I'm pleased most of you gave the response I was hoping you would give, punishment is not the answer.

Peter is a transgendered youth and hence his need to dress up in his sister's clothing. As many of you have said he will need lots of counseling and understanding from his family. He'll start by visiting his family doctor who will then refer him to a psychologist who specializes in such cases.

He or she will evaluate Peter's case and speak to him privately to ascertain if he has transvestite tendencies that is does he enjoy dressing in clothes of the opposite sex and does he derive sexual gratification from this. Or is his need greater and he dresses in them because he believes he's a girl and not a boy.

In Peter's case it's the latter and the psychologist will recommend that Peter should begin transitioning from male to female as soon as possible.
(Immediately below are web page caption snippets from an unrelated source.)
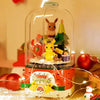 Pokemon Figures Pikachu Eevee Rotating Christmas Music Box Assembled Blocks Toys Desktop Decoration Model Children's Toys Gifts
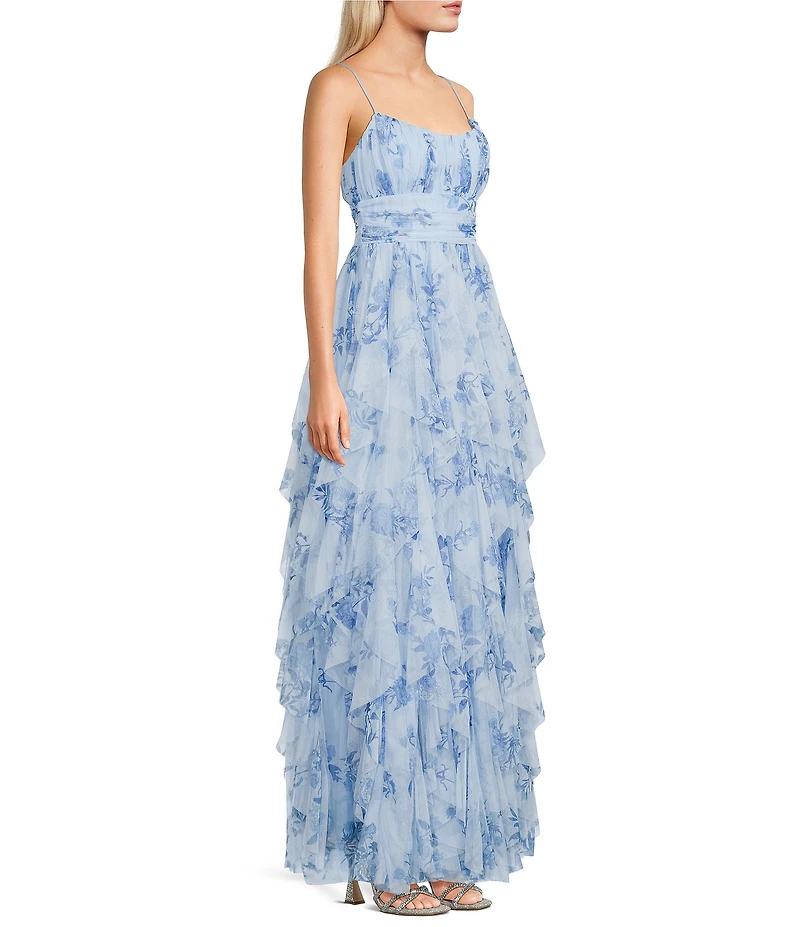 B. Darlin Floral Printed Mesh Pleated Scoop Neck Cascade Ruffled Dress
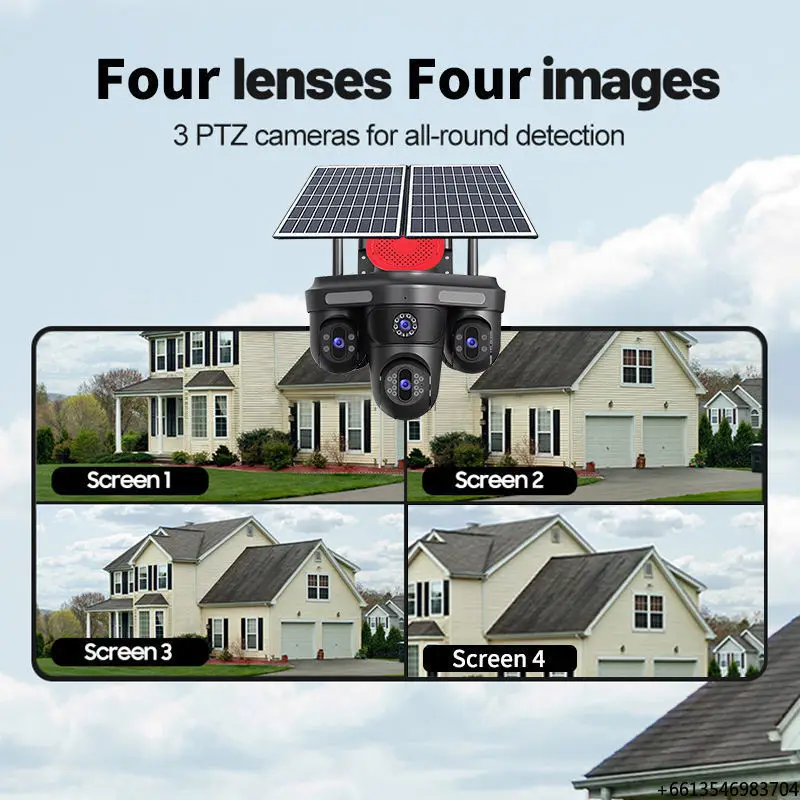 20mp Aov 24h Record Solar Porwered Cctv Camera Four Lens Four Screen Color Night Version Ip66 Wireless Security Camera 4g Sim
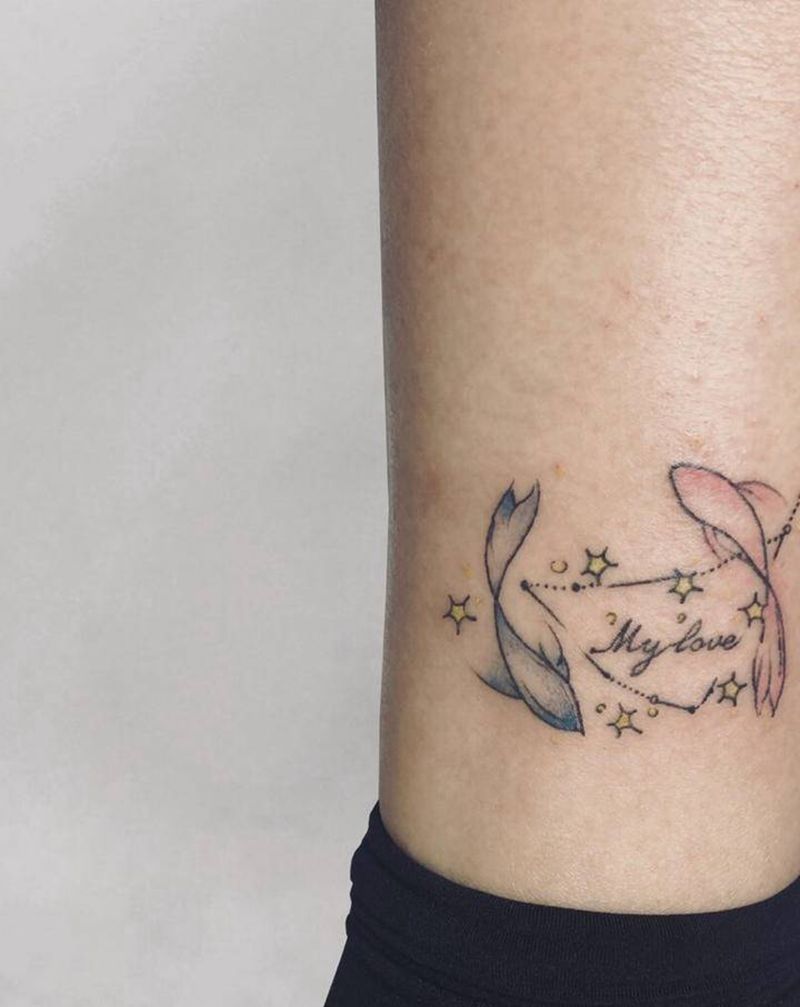 星座“双鱼座”纹身图片_腿部水彩双鱼座水彩纹身图案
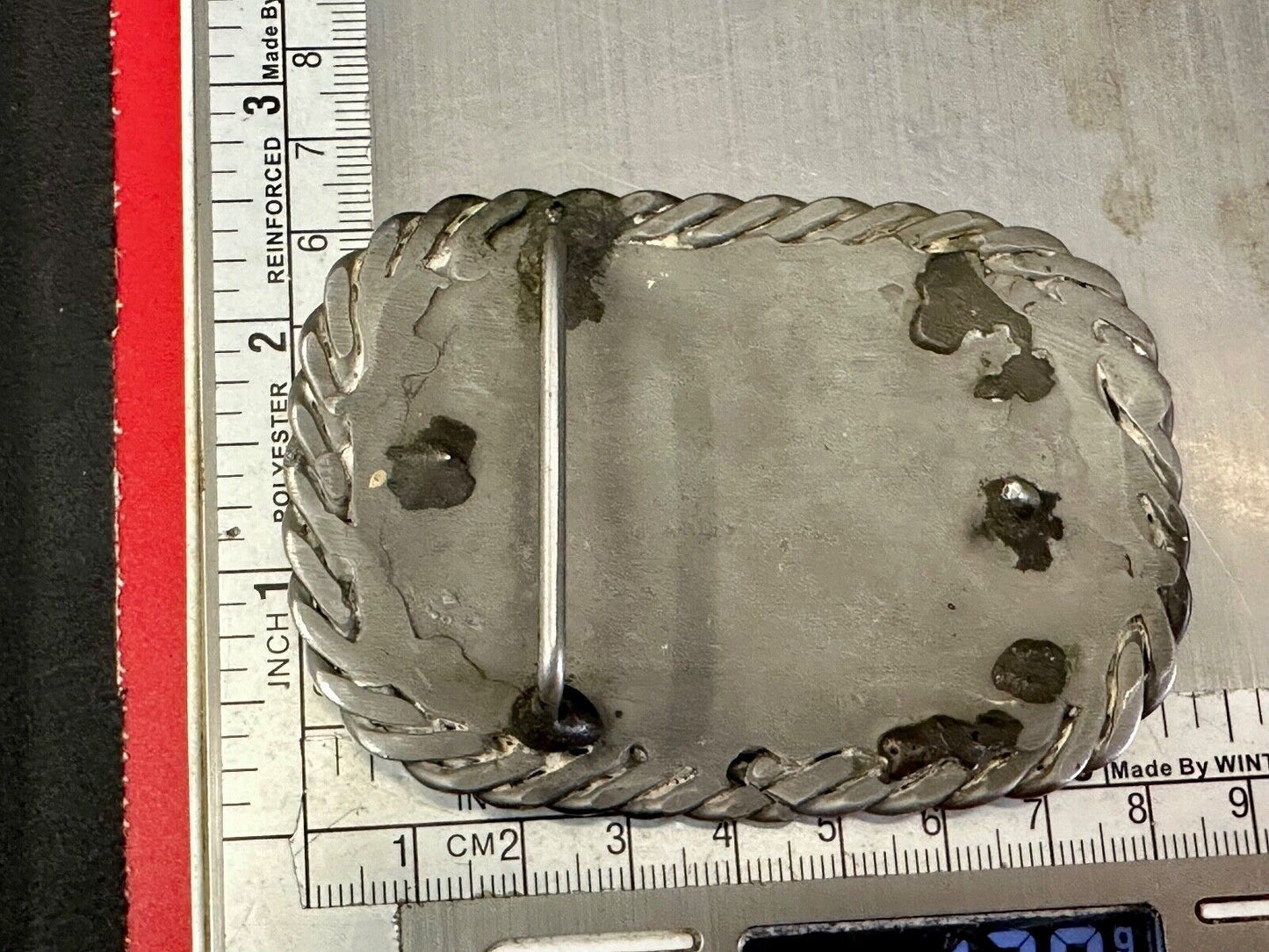 Artisan silver color belt buckle for craft project / wear - Thick rope boarder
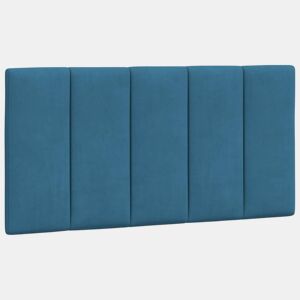 vidaXL Almofadão de cabeceira Hanko 100 cm veludo azul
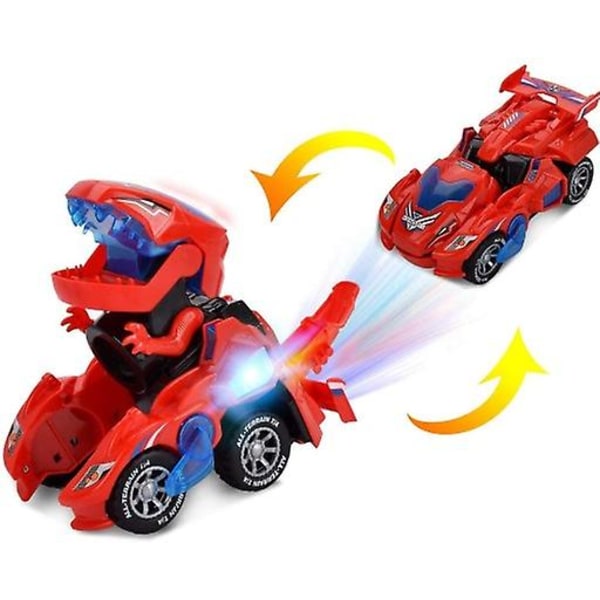 Röd dinosaurie leksak elektrisk bil deformation röd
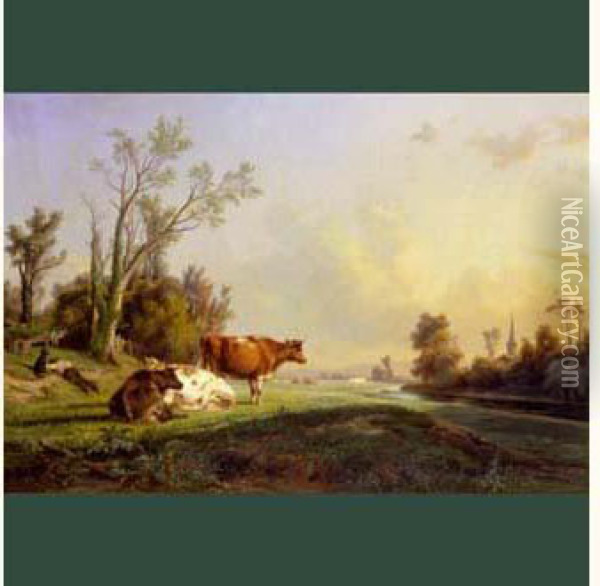 La Sieste Au Pre Oil Painting - Jean-Charles Joseph Remond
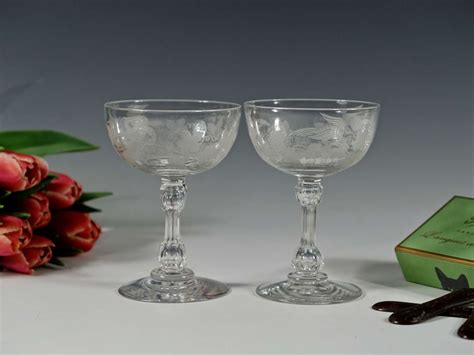 Pair Of Engraved Champagne Glasses English C1880
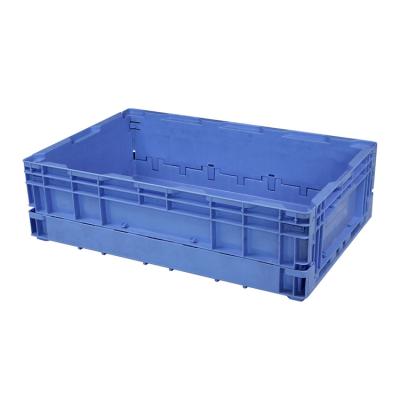 China Plastic/PP Lid Color Customized Large Hinged Collapsible Stackable Collapsible Plastic Crate Heavy Duty for sale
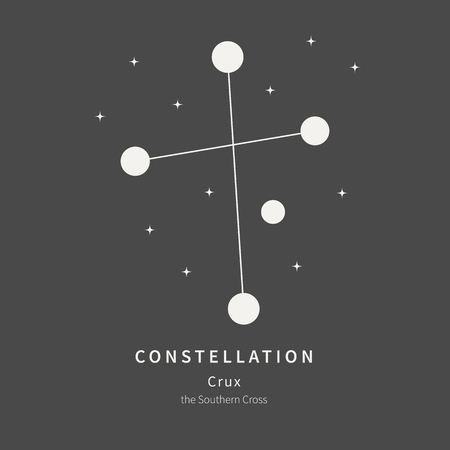The Constellation Of Crux. The Southern Cross - linear icon. Vector illustration of the concept of astronomyのイラスト素材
He's fortunate as he has a twin sister who will be of great help to him during his period of transition. He's certainly going to need a new wardrobe, he'll wear trousers to school and skirts in the home, there he'll act and look like a girl and as such he'll have to have a girl's name. When the time is right, he'll begin the full transitioning process to become female.

He's going to have to face many obstacles, one of which is going to be from his relations and how they will react on hearing the news. Some will be supportive, while others will be antagonistic toward him. He'll also come up against prejudice from the neighbors, as well as other kids from his school. He'll have to be on his guard when at home and not rush to answer the door bell when he's wearing girls clothes.